MARCH 24, 1995

University of Michigan's Kelsey Museum presents "Preserving Eternity," an exhibition of artifacts relating to Egyptian mummification

The Kelsey Museum of Archaeology presents its newest exhibition Preserving Eternity: Modern Goals, Ancient Intentions. This exhibition on Egyptian funerary arts, which opens on April 7th, and runs through August 1995, details the differences and similarities between preservation methods in Dynastic Egypt and conservation techniques used in the present day museum. It showcases artifacts from the Kelsey Museum collection that Visiting Assistant Curators Janet Richards and Terry Wilfong believe have been underrepresented in previous exhibitions. The evening of April 7th will also feature the lecture "Funerary Arts in Ancient Egypt" by Emily Teeter, Assistant Curator of the Oriental Institute of Chicago. This lecture will be held in Angell Hall, Auditorium C at 7:30 p.m.

Preserving Eternity will present many of the Kelsey's more popular artifacts from past exhibitions, as well as objects that have never before been on display. These pieces, all from the Dynastic period of ancient Egypt (c.a. 3000 - 300 B.C.), include animal mummies (cat, bird, dog, baboon), burial amulets, canopic jars (used to store the important bodily organs of the deceased), and the coffin of Djheutymose (ja-HOO-tee-mose). Djheutymose was a man of the early 6th century B.C., a "priest of Horus," and "priest of the Golden One." Its appearance during Preserving Eternity will mark the first time that this intricately painted coffin has been shown on the U-M Ann Arbor campus. The exhibition Preserving Eternity will explore previously unsuspected links between the Djheutymose coffin and other Egyptian objects in the Kelsey Museum collection.

According to Dr. Janet Richards, the objects to be displayed show "an intersection of intense concern with preservation -- a concern modern museums and ancient Egyptians shared." The Egyptians wished to extend their own lives beyond death, while museums wish to extend the life of cultural remains. Because this belief in the afterlife permeated the lives of all Egyptians, the exhibition shows not only the traditional artifacts excavated from the tombs of the socially elite, but also those from tombs of the lower classes. Studying the ancient Egyptians' method of preserving the dead helps to see how this process has developed into what could now be considered museum preservation. This approach gives rare insight into the impetus behind the present concern with preserving the past.
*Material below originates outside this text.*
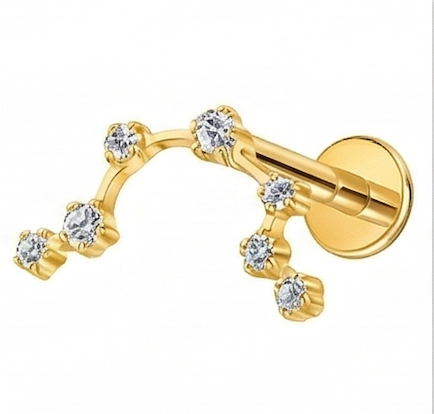 Piercing Titanium Constelação 7 CZ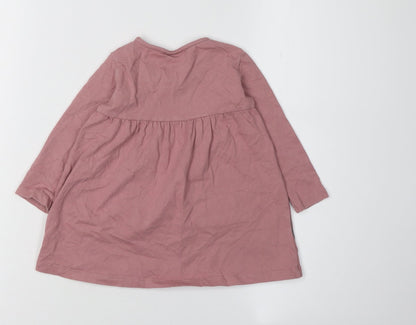 Disney Girls Pink Minnie Mouse Shift Dress 18 Months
Dr. Terry Wilfong believes that many of the items featured in Preserving Eternity have been overshadowed by the impressive Greek and Roman collections at the Kelsey: "We started looking through the Kelsey's collection in storage and found all these amazing Egyptian artifacts." The vast array of artifacts allowed the curators to choose for this exhibition not only objects of interest to Egyptologists but objects that would interest everyone, young and old alike.

Janet Richards received her Ph.D. from the University of Pennsylvania in Anthropology and Oriental Studies. She has taught at Mount Holyoke College and is currently a Visiting Assistant Professor in the History of Art Department at U-M. Terry Wilfong comes to U-M from the University of Chicago, where he received his Ph.D. in Near Eastern Languages and Civilizations. He is a Visiting Assistant Professor in the U-M Department of Near Eastern Studies. Preserving Eternity is their first exhibition as Visiting Assistant Curators at the Kelsey Museum.